### Problem to solve
Among the entries below, find the line with "Lavande Hotels·Taicang Shanghai" and the line with "鹽城市風云堂幼兒園策劃". Return exactly those lines and every line between them, but no pictures.

### Entries shown
* * * * * * * * *
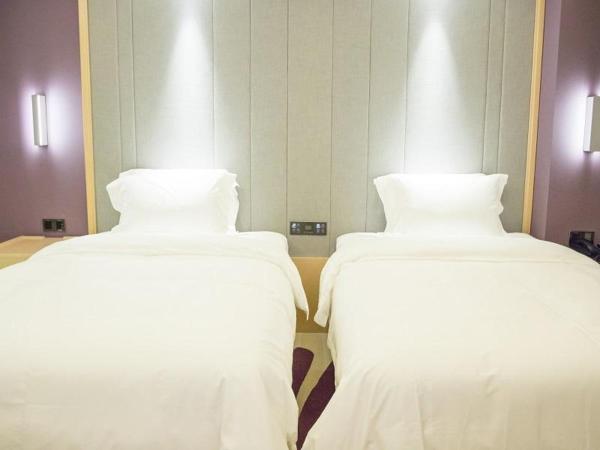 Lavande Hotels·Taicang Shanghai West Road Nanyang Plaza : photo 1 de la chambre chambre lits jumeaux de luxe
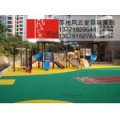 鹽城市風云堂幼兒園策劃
* * * * * * * * *
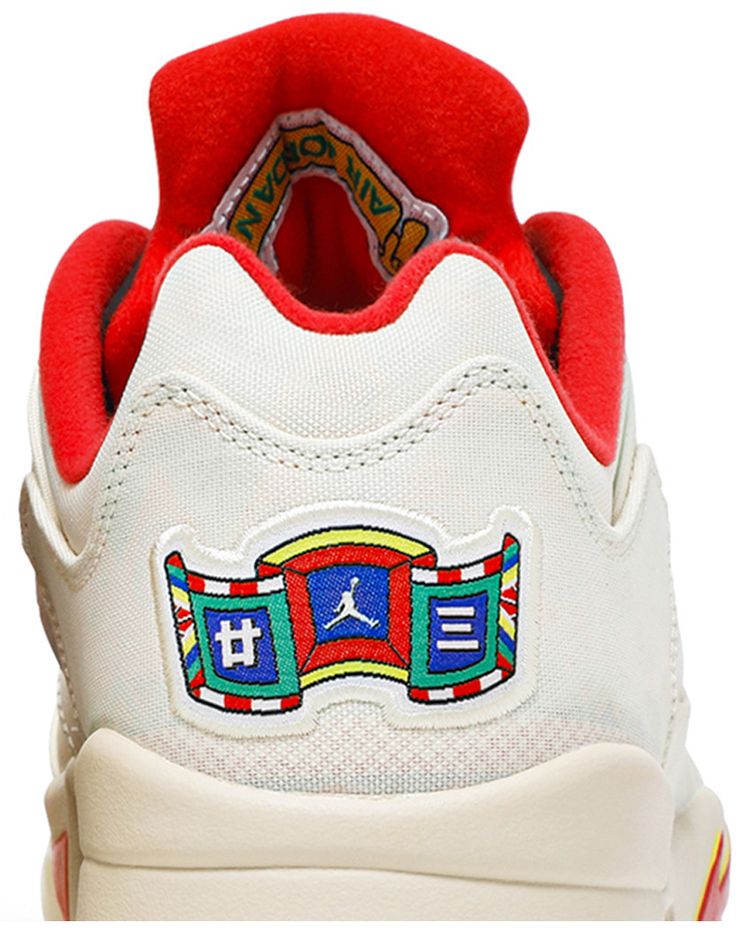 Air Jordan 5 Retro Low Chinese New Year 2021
* * * * * * * * *
### Written response
 Lavande Hotels·Taicang Shanghai West Road Nanyang Plaza : photo 1 de la chambre chambre lits jumeaux de luxe
 鹽城市風云堂幼兒園策劃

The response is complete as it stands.